We’ve not tried counseling, as I mentioned before I have tried talking to him about these things in the past, but he seems unwilling to recognize how his behavior is affecting us. And I for one am a rather strong believer that you can’t impose change, no matter how desired, on another person. I’m very worried that counseling will just postpone an inevitable, rather than resolve it.


----------



## Confused-Wife (Jan 26, 2011)

You say he's not the man you married...but have you considered the ways you've changed since you got married? 

I'm in a similar situation, although there are some differences.

Sometimes I think my husband is not the man I married, but then I quickly realize that he's exactly the man I married. I am the one who has changed. I'm the one who changed my expectations and views towards happiness in life. I'm the one who realized that marriage isn't all it's cracked up to be. I'm the one who isn't satisfied with our life together. 

Just think about it.


----------



## AlwaysThinkingMaybe (Jan 31, 2011)

I definitely think that I have changed too, how could I have not in so many years. 

However, most of the things I outlined as examples were none of the things he was like when we met and fell in love. I know I never would have fell in love with someone who demonstrated so much negativity.
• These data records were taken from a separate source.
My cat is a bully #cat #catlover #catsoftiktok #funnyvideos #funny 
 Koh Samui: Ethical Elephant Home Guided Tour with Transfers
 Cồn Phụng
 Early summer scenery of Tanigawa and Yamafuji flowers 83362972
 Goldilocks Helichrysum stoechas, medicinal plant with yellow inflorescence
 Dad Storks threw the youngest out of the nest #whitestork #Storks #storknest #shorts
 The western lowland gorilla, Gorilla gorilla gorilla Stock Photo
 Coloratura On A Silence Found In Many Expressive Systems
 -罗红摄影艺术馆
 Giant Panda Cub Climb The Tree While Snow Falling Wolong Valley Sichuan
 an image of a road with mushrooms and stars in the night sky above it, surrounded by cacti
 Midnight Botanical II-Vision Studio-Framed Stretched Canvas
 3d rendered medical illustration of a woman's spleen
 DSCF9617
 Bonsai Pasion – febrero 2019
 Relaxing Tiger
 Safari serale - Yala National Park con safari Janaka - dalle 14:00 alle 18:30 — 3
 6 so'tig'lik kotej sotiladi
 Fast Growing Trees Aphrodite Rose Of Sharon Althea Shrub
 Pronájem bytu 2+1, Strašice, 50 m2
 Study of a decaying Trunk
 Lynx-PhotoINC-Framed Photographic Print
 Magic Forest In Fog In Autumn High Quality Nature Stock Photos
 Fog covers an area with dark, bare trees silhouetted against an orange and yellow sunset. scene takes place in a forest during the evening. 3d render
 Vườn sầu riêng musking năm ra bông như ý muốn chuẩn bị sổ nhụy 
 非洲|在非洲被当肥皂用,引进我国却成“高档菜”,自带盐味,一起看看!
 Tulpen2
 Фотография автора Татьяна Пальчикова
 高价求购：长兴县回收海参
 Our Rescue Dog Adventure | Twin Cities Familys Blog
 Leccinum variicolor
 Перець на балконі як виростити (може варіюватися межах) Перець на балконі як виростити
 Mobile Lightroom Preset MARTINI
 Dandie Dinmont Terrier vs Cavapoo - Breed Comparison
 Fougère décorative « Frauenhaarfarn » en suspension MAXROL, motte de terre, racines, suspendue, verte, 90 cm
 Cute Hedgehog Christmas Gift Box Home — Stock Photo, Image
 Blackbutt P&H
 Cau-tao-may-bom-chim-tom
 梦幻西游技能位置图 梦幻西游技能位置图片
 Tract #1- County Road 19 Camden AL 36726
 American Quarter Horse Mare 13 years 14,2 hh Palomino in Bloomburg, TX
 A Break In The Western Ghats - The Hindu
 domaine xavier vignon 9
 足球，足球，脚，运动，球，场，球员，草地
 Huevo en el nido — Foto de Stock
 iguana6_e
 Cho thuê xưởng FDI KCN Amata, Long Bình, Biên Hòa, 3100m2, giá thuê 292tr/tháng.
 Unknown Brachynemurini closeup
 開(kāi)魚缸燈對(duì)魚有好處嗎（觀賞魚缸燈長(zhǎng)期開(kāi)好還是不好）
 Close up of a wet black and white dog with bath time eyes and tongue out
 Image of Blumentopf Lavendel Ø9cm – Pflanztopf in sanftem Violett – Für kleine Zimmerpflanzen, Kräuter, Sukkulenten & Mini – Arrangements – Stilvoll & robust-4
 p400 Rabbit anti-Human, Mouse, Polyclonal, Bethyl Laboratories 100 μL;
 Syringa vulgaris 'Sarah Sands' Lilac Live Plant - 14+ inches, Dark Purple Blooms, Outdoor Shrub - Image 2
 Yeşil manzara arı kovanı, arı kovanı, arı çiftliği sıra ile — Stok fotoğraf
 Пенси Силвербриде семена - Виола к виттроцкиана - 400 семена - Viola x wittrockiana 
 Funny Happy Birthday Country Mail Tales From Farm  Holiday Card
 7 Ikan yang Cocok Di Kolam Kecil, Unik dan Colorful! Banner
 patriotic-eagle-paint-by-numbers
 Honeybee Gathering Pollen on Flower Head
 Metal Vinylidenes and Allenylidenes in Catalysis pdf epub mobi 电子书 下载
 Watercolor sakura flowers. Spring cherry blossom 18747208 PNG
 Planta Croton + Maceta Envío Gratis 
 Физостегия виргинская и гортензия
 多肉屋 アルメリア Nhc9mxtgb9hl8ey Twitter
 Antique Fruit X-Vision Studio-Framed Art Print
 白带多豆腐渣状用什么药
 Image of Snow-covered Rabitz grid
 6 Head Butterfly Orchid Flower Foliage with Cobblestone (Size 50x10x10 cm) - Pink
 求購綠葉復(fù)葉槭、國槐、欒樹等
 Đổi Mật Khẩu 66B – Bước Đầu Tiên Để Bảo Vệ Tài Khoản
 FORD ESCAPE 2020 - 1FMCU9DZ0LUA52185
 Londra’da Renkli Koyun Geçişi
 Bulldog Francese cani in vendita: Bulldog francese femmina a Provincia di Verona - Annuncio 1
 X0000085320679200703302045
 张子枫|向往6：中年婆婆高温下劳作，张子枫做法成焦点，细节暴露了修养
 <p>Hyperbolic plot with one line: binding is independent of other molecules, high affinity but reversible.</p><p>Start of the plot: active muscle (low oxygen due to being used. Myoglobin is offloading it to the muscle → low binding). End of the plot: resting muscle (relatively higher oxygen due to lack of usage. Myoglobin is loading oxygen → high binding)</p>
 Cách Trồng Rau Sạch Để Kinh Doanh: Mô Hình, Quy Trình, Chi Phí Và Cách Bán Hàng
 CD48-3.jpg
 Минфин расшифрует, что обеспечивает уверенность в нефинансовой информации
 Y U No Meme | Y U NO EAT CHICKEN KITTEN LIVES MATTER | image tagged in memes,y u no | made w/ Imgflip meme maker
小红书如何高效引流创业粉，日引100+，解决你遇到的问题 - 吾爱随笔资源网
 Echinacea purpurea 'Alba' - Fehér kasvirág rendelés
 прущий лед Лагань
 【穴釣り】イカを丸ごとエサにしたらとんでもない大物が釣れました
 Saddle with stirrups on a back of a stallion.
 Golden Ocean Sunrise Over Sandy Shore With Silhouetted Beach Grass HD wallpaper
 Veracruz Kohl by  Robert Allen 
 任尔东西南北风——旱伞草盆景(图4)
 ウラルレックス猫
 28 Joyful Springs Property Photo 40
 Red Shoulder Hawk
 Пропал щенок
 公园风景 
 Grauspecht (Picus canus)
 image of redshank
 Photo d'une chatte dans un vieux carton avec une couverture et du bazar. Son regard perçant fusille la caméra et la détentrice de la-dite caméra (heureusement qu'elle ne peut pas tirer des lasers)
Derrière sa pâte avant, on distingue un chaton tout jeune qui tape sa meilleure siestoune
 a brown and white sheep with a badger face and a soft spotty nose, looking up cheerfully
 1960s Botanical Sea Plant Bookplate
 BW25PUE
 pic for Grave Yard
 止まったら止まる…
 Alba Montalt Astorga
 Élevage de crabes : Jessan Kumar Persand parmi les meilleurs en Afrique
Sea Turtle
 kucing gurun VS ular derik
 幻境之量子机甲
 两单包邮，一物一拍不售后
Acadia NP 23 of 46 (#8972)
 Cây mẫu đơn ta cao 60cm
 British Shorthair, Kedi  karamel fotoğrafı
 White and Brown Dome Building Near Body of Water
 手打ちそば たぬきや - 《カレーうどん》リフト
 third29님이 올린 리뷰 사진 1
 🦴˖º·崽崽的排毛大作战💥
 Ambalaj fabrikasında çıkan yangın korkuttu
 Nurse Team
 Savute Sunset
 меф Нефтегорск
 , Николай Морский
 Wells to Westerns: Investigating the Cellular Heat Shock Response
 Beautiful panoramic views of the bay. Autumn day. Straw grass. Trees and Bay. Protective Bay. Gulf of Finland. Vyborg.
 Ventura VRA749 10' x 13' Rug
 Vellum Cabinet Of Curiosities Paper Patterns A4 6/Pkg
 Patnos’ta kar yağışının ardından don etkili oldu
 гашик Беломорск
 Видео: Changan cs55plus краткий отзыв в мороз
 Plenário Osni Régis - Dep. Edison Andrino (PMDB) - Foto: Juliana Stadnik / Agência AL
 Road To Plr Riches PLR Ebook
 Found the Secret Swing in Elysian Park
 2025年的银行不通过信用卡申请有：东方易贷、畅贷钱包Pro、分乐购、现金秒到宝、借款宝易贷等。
And I think that's what's finally becoming apparant, it my desire to be around more positive attitudes,


----------



## JustAGirl (Oct 1, 2010)

When I read this, it sounded like one of my threads! We are in very similar situations....
I have also talked and talked to my husband (for three years) and I'm finally came to a point where I'm done talking, and it's time for action. I would rather be alone and happy than to walk around and pretend anymore.
One thing I can tell you is no one can tell or (or you shouldn't allow anyone to influence) when you've had enough and it's time for a change. I wish you luck and wisdom making the changes you need to be happy. Feel free to read my threads....it's scary how similar our situation is!


----------



## BoardNMom (Jan 10, 2011)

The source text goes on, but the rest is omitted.